Dive Brief:
- B.P. Greer Recycling Inc., a Reidsville, NC buyer and seller of scrap metal for commercial use, has filed for Chapter 11 reorganization. With assets between $1 million and $10 million and debts between $10 million and $50 million, the company owes $93 million to its largest creditor, Carolina Bank, which the company is unable to pay, according to filings. Collectively, B.P. Greer owes tens of thousands to Rockingham County Tax Department, Sparks and Sons Service Stations, and Berkshire Hathaway Homestate Cos.
- Charles M. Ivey III, attorney for B.P. Greer, said the hard hit to the scrap metal industry is largely responsible for the company’s revenue decline from $36.2 million in 2013, to $20 million this year, according to Triad Business Journal.
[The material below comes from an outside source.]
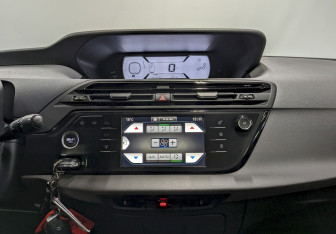 Подержанный автомобиль Citroen C4 Picasso 2014 года (23 фото)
- Ivy said the court approved the sale of the majority of B.P.'s assets, likely to Foss Industrial recycling, in a bidding process for $2.4 million. The company is owned by Foss Recycling, a full-service scrap metal recycling business in North Carolina and Virginia.
Dive Insight:
"The scrap metal industry right now is absolutely getting killed," said Charles M. Ivey III, attorney for B.P. Greer. "It’s not just Greer. It’s all small recyclers getting squeezed because of the worldwide drop-off in demand for scrap metal."
Even the large companies are squeezed by a weakened metal market, evidenced through a Duke University survey released earlier this year, where two of every three big U.S. exporters said the appreciation of the dollar has hurt their business.
The condition of the once robust niche has got U.S. scrap firms, large and small, thinking of ways to transform themselves, as the demand for metal plummets in an unpredictable market.